Mountains of the Moon
One of the highest ranges on the African continent and supporting an amazingly diverse, occasionally unique range of flora and fauna, the Rwenzori mountains in Uganda take their lunar reference from a description by ancient scientist and philosopher, Claudius Ptolemy. Mountains of the Moon is a photographic tribute by internationally renowned photographer Steve Russell, who has explored this region over the last several years and developed an intense fascination with its natural history.
Five thousand metres high, on the border between Uganda and the Congo, the Rwenzori Mountains, with their glaciers, rocky outcrops and vast variety of flora and fauna are like nowhere on Earth. This range was first photographed in 1906, when Italian photographer Vittorio Sella accompanied Luigi Amedeo, Duke of Abruzzi, on an expedition to document and record the mountain range and surrounding areas.
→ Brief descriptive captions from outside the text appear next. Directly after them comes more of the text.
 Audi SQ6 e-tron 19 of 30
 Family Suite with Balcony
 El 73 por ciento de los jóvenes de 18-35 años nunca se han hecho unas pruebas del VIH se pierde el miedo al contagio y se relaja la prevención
Sella was particularly interested in the glaciers and his photographs of these, prompting Ansel Adams to describe them as ‘inspiring a definitely religious awe’, now reveal to us the gravity of the effects of climate change, exposing as they do the awful extent to which the ice has retreated.
Steve’s collection of timely and compelling images accompanied an exhibition at the Royal Geographical Society, London in 2019, where multi-shot panoramas were painstakingly stitched together and printed at three metres in pin-sharp cinematic detail, allowing the viewer as close an opportunity as possible to experience these mountains remotely in their full and stark splendeur.